Сара Погреб в юные годы. Рис. Е.Верлоцкого


     Сара Погреб родилась 1 января 1921 года. Метрики у нее никогда не было, по крайней мере, она таковую не помнит, поэтому не вполне уверена, родилась ли в городе Первомайске, на железнодорожной станции Голта, или в местечке Юзйфполь – неподалеку. В любом случае, это на Украине, в когда-то Одесской, а потом Николаевской области. Отец, его звали Аврум Бронисман, умер, когда девочке было 2 года, а ему – 32. Говорили, что это был редкий человек – образованный, интеллигентный, добрый. Вся округа ходила к нему за советом, для решения споров. "Я подозреваю, что мой туберкулез был наследственным, – говорит Сара. – Что осталось от отца? В памяти – ничего. В рассказах, в ощущениях, в памяти души – много. Говорят, он любил Собинова, сам пел и что-то писал. Не осталось ни клочка бумаги, ни строчки, хоть бы почерк увидать… Только две фотографии. Правда, красивый? – Мама его очень любила. Она не могла видеть, как его зарывают. Что-то нервное было. Схватила ребенка, завернула в одеяло и на попутной подводе уехала к своим родителям. Мама была красавица и умелица, на все руки мастерица".
 

Родители Сары. Мать - Ф.Гимельфарб. Отец - А. Бронисман


    Об этом говорили и сестры матери, Фира и Аня, которые прожили в Израиле 20 лет и дождались приезда своей племянницы. Сара с детства их обеих знала и любила. А всего у деда Мойше было пять дочерей. Зная цену своей добрейшей Добе, он, бывало, говорил: "И хоть бы одна в мать пошла. Так нет же, все в меня, мерзавки". Но любил их очень.
     "Да, мама была красавица. Отец ее впервые верхом на лошади увидел – из Добрянки налог в банк возила. Полюбили они друг друга беззаветно. А тут, молодая, вдруг одна, с ребенком… И вскоре, очень быстро, вторично замуж пошла, за дядю Борю. Родилась сестричка, Искра".
     Сара больше помнит свою жизнь у дедушек и у бабушек, чем дома. Как-то девочки разглядывали альбом с фотографиями. Указывая на отца Сары, маленькая Искра сказала: "Вот это наш первый папа". Сара дядю Борю отцом не называла.
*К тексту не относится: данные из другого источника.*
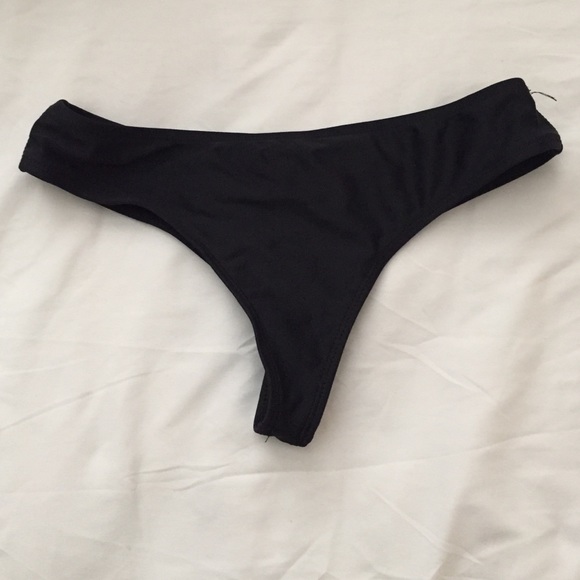 Thong bikini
     Нет, со мной ничего не случилось,
     Просто жизнь моя покатилась
     Как гонимая ветром шляпа,
     Но без всяких признаков драмы.

     Я осталась – что делать? – без папы
     И в каком-то смысле без мамы.
     До сих пор я люблю их и плач
     Но они не сумели иначе.


     Дома всегда было плоховато. Не говорит, что отчим был крутого нрава. Но говорит, что мама чувствовала себя обязанной ему за то, что кормит ее дочь, ему не родную. "Может быть, поэтому я так рано привязалась к реке, к небу, к возможности быть одной – и не одной, а вместе с плывущим далеко облаком". Значит ли, что чуждалась людей и видела себя гордым и одиноким деревом? Почему бы – иначе – так завистливо о них, о деревьях.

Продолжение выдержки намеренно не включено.